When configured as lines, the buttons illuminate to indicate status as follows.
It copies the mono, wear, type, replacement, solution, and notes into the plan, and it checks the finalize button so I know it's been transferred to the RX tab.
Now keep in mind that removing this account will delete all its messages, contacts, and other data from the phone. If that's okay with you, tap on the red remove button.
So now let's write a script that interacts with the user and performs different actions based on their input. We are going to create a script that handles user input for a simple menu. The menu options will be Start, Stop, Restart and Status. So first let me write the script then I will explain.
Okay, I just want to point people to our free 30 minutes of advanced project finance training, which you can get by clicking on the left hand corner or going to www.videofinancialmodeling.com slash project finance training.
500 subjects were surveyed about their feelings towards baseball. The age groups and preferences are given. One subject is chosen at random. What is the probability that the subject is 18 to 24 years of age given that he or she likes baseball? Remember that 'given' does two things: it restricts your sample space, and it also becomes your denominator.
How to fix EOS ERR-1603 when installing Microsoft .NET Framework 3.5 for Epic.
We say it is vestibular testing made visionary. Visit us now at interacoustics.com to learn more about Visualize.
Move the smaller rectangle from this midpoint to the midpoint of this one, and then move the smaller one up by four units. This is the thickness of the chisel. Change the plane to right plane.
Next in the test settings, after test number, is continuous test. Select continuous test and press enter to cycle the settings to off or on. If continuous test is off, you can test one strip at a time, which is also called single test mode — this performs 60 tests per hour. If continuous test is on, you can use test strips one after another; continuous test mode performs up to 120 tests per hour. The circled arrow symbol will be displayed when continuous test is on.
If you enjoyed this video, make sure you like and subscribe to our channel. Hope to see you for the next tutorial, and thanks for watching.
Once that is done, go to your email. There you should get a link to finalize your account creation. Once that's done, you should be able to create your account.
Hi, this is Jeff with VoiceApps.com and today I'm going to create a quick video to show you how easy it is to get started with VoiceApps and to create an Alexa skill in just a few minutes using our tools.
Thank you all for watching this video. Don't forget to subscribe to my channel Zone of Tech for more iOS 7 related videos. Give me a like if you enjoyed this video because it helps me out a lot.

• **PROBLEM TO SOLVE**
Starting with the first line of the entries and ending with the line that has "Now keep in", copy each line exactly and add nothing.

• **RESPONSE**
When configured as lines, the buttons illuminate to indicate status as follows.
It copies the mono, wear, type, replacement, solution, and notes into the plan, and it checks the finalize button so I know it's been transferred to the RX tab.
Now keep in mind that removing this account will delete all its messages, contacts, and other data from the phone. If that's okay with you, tap on the red remove button.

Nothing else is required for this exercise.